The Athens of India, located in the middle of Hasti and Nag hills, is an epitome of
culture and tradition. The city has gained its reputation in India as a city of marvelous
architectures. The graceful city has been attracting tourists and temple lovers for many
years for its innovative festivals round the year.

The history of the ancient city provides many instances where from historians and tourists
can recollect the mystic tales of Pandya dynasty. The time honored city was built when the
Pandyas king Kulashekhar deforested the city and thought of building this temple city. The
city is situated at an altitude of 133 meters.

The Meenakshi Temple:

The lotus shaped city was planned and built around the foremost Meenakshi temple. Madurai,
the second largest South Indian city, is the homeland of more than 11 lakhs habitants. The second
largest temple of South India, the sanctified Minakshi temple, was built by the Nayak king
Tirumalai. During the Nayak dynasty, Madurai got its reputation as a culturally strong
destination for its graceful and elegant Dravidian architectures.

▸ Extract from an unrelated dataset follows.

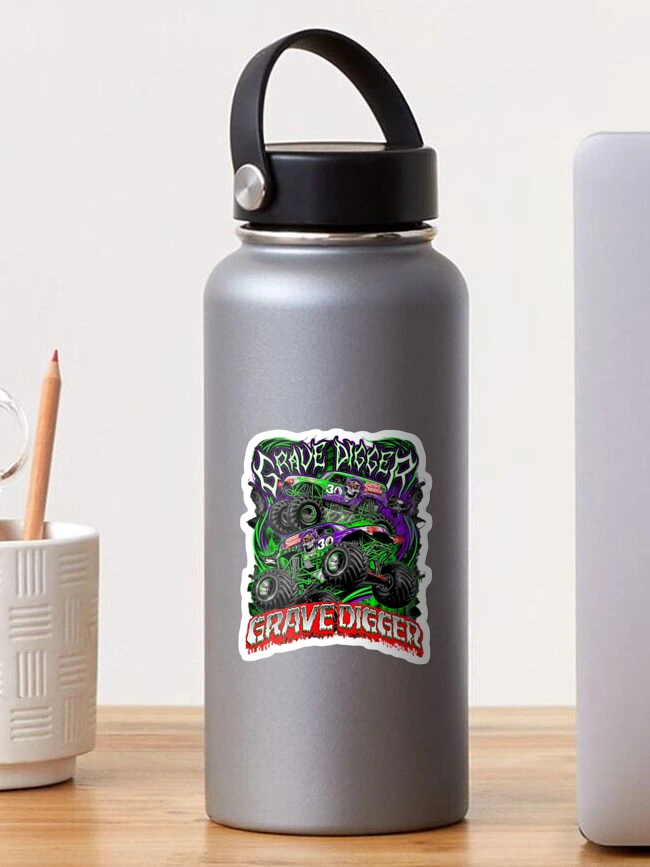 Grave Digger the Monster Jam in Black Water Bottle by xinle_arts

The holy Meenakshi Amman temple, about 1 km towards the eastern side of the Madurai
railway station, is not only an imperative south Indian enticement but also depicts a striking
Dravidian architectures and fine arts. The artistic and majestic temple is covering an
expansive area of 15 acres. More than 33 crores Hindu deities are engraved on the walls of
the stunning temple. Various animals, devils and mythological tales are imprinted on the
awe inspiring temple as well. The colorful representations of these sculptures still have the
power to entice large group of people to the city.

Two prime temple complexes are there on the 847*792 feet temple premise. The deity
Shiva is residing in a temple where as the deity Minakshi is residing on a white marbled
throne of another holy temple complex. Enjoy the peace of mind while you are watching the
face of the Minakshi idol.

Ashtashakti mandap, the holy edifice of the Meenakshi temple, located at the main entrance,
houses innumerable mythological and spiritual sculptures and deities which are wonderfully
carved on the temple walls all around. Spend some time inside the temple and try to watch
the innovative and well thought out ever green creations vigilantly.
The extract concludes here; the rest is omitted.